Following Andrew Ng’s distinguishing between “cost: difference between prediction and target for each sample” and “loss: difference between prediction and target for the entire sample set”.
loss.item() is the value of “total cost, or, sum of target*log(prediction)” averaged across all training examples of the current batch, according to the definition of cross entropy loss.
Therefore, loss.item()*data.size(0) is the “total loss of the current batch (not averaged)”.
And, train_loss accumulates these “total loss per batch” for the entire epoch, i.e. “total loss of the current epoch”.
Finally, train_loss = train_loss/len(train_loader.sampler) calculates the “cost/loss averaged across all training examples for the current epoch”

May I ask if the interpretation above is correct?

# specify loss function (categorical cross-entropy)
criterion = nn.CrossEntropyLoss()

# specify optimizer (stochastic gradient descent) and learning rate = 0.01
optimizer = torch.optim.SGD(model.parameters(), lr=0.01)

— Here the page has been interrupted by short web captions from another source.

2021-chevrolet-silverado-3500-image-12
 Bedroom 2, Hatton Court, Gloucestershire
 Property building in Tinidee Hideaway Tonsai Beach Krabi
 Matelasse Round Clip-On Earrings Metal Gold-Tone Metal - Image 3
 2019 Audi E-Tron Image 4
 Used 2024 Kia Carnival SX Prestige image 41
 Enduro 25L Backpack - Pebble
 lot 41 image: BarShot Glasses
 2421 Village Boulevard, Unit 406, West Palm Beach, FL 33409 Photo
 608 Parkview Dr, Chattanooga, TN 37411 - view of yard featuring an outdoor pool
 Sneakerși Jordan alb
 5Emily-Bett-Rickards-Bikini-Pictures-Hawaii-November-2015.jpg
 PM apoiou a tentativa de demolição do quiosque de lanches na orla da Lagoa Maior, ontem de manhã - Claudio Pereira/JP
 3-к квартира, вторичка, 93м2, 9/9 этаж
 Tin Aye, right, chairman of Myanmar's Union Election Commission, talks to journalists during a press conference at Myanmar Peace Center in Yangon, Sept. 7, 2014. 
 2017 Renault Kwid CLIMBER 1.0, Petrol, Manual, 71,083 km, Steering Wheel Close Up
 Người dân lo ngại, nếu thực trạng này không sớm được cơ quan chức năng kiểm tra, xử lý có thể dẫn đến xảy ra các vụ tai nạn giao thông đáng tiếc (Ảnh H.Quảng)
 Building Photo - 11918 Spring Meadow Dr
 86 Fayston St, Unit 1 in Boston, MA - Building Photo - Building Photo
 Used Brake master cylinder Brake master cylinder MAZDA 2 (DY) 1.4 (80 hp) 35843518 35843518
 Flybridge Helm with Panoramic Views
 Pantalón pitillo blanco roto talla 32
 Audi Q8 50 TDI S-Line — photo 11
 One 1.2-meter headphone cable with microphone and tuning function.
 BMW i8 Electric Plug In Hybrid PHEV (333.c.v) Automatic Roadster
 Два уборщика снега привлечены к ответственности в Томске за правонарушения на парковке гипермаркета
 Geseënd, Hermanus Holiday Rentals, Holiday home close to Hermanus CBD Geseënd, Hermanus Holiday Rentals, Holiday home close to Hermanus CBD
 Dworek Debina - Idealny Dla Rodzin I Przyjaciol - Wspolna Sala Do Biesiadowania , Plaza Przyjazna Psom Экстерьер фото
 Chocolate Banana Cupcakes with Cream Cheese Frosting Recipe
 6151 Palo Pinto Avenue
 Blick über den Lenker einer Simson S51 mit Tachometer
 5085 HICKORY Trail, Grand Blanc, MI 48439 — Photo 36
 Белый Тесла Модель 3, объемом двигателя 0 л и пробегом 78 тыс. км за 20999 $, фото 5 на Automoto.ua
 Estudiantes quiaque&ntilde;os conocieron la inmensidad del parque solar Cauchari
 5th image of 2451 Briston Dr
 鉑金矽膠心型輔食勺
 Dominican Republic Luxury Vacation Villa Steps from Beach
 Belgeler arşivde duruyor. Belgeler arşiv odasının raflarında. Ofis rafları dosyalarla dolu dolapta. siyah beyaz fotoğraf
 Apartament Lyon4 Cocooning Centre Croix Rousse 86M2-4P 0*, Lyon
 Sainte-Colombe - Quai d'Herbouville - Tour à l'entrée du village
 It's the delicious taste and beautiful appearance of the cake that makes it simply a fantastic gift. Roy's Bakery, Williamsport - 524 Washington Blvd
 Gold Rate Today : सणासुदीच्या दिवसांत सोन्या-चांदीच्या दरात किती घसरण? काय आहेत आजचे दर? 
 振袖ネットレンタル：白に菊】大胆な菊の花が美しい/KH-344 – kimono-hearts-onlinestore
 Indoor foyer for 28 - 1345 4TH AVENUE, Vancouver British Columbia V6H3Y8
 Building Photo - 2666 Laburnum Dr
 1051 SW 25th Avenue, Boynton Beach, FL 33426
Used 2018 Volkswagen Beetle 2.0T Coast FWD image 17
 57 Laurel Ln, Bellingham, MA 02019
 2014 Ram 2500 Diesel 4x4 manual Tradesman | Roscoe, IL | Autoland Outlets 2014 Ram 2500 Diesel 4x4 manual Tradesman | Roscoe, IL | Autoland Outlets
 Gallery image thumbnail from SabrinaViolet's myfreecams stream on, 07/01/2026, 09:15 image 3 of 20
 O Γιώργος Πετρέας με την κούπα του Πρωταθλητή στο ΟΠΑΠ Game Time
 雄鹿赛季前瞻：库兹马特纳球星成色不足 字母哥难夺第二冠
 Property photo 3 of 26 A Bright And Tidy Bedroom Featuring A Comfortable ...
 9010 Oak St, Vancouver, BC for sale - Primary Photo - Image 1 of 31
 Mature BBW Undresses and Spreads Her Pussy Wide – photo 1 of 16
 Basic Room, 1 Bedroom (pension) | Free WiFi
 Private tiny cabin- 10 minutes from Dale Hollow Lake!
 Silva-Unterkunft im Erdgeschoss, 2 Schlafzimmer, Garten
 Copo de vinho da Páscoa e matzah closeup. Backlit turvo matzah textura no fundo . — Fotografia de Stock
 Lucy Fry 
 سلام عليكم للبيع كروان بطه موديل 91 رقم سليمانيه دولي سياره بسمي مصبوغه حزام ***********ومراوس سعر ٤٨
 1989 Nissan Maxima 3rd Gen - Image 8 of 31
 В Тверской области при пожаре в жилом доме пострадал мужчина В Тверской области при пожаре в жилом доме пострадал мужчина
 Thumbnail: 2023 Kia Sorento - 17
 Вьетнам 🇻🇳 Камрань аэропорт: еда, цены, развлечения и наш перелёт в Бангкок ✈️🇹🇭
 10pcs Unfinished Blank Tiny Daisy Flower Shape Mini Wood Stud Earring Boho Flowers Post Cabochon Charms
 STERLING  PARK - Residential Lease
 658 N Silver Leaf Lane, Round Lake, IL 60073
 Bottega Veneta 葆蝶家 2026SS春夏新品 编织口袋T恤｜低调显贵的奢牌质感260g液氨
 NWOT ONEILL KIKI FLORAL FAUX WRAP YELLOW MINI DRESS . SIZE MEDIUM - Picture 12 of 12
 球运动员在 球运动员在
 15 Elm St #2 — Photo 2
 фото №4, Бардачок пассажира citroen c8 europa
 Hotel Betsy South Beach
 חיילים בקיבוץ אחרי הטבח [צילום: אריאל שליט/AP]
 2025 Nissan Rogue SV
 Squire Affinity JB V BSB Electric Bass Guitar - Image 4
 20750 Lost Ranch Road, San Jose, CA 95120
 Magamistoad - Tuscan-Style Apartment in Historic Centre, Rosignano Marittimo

# number of epochs to train the model
n_epochs = 50

# initialize tracker for minimum validation loss
valid_loss_min = np.Inf # set initial "min" to infinity

for epoch in range(n_epochs):
    # monitor training loss
    train_loss = 0.0
    valid_loss = 0.0
    
    ###################
    # train the model #
    ###################
    model.train() # prep model for training
    for data, target in train_loader:
        # clear the gradients of all optimized variables
        optimizer.zero_grad()
        # forward pass: compute predicted outputs by passing inputs to the model
        output = model(data)
        # calculate the loss
        loss = criterion(output, target)
        # backward pass: compute gradient of the loss with respect to model parameters
        loss.backward()
        # perform a single optimization step (parameter update)
        optimizer.step()
        # update running training loss
        train_loss += loss.item()*data.size(0)
        
    ######################    
    # validate the model #
    ######################
    model.eval() # prep model for evaluation
    for data, target in valid_loader:
        # forward pass: compute predicted outputs by passing inputs to the model
        output = model(data)
        # calculate the loss
        loss = criterion(output, target)
        # update running validation loss 
        valid_loss += loss.item()*data.size(0)
        
    # print training/validation statistics 
    # calculate average loss over an epoch
    train_loss = train_loss/len(train_loader.sampler)
    valid_loss = valid_loss/len(valid_loader.sampler)

ptrblck · January 16, 2021, 9:11am

Yes, your explanation is correct.
The first approach of multiplying the averaged batch loss by the batch size and dividing by the number of samples gives you the correct average sample loss for this particular epoch.
The second approach of dividing the averaged batch loss by the number of batches would yield the same result, if each batch in the epoch contains batch_size samples. This might not always be the case, if the length of the dataset is not divisible by the batch_size without a remainder. The last batch would thus contain less samples and the loss calculation would introduce a small bias.